## WORK TO BE COMPLETED
Both the line below containing "Yüksek Bel Kot" and the line containing "RAND Josias Alexander, du 1893-1958", along with every line between them, should be repeated exactly; no other line belongs in the answer.

## INFORMATION GIVEN
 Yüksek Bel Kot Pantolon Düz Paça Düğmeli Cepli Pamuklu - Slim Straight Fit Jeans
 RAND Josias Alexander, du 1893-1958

---

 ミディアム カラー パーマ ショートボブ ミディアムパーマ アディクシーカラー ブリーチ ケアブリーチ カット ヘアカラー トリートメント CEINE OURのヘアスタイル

## COMPLETED EXERCISE
 Yüksek Bel Kot Pantolon Düz Paça Düğmeli Cepli Pamuklu - Slim Straight Fit Jeans
 RAND Josias Alexander, du 1893-1958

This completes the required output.